#### WHAT IS EXPECTED:
Among the entries below, find the line with "used 2020 Chrysler", then quote it and each following line up to and including the line with "3421 Cobblestone Dr - Photo 3 of 4", and nothing else.

#### DATA FOR THE TASK:

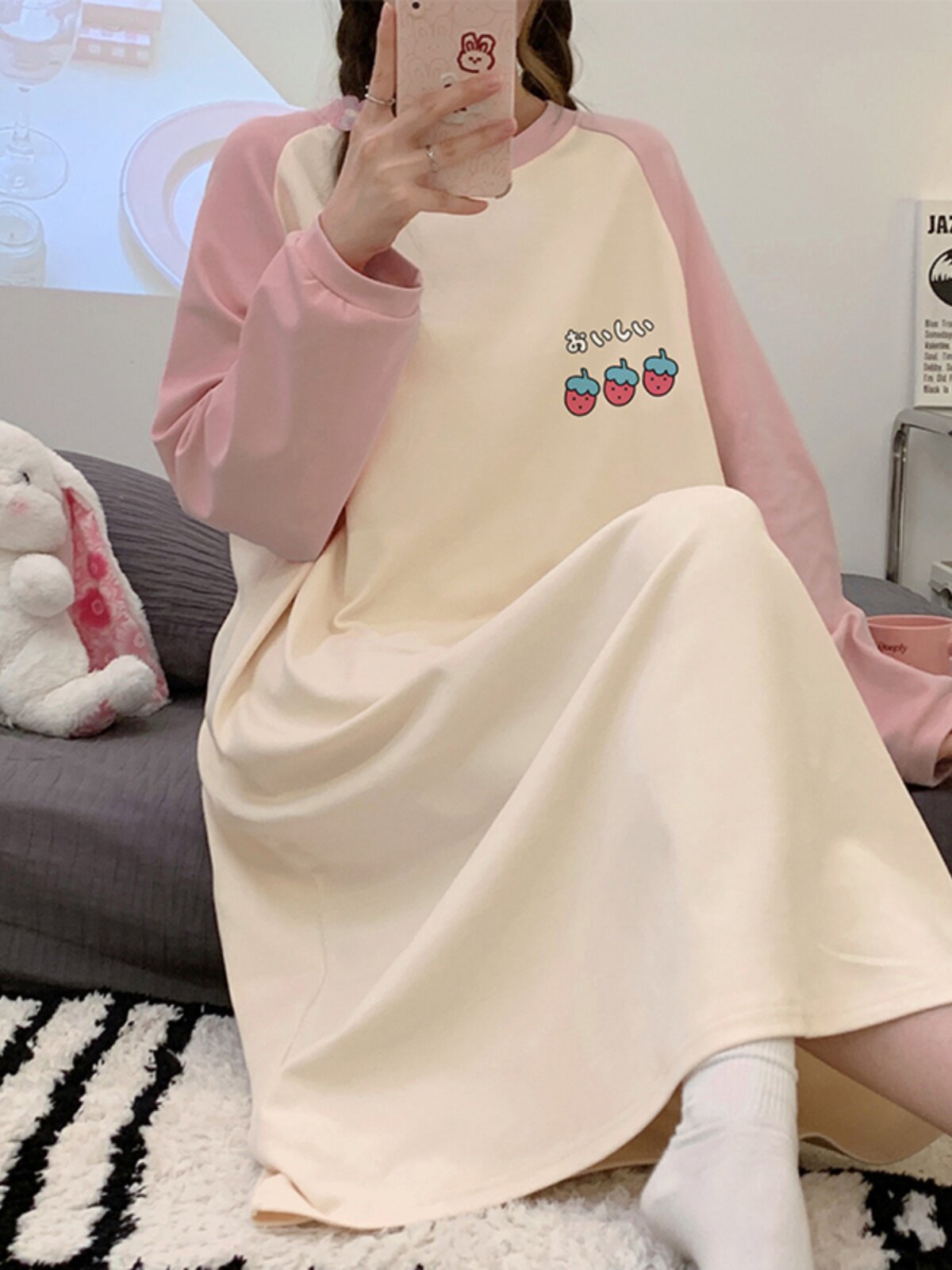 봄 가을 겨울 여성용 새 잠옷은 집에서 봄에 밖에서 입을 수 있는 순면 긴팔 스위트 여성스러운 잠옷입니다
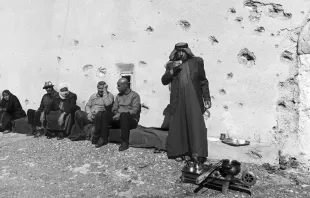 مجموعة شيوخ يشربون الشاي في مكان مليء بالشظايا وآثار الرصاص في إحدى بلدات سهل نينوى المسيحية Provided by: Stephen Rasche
...
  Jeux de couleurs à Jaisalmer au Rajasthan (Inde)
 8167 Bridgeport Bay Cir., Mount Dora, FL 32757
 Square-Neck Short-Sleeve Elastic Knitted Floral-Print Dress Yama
--
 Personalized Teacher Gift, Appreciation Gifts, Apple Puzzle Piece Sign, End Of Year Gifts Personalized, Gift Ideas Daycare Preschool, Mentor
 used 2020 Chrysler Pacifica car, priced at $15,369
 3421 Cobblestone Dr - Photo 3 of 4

#### EXPECTED ANSWER:
 used 2020 Chrysler Pacifica car, priced at $15,369
 3421 Cobblestone Dr - Photo 3 of 4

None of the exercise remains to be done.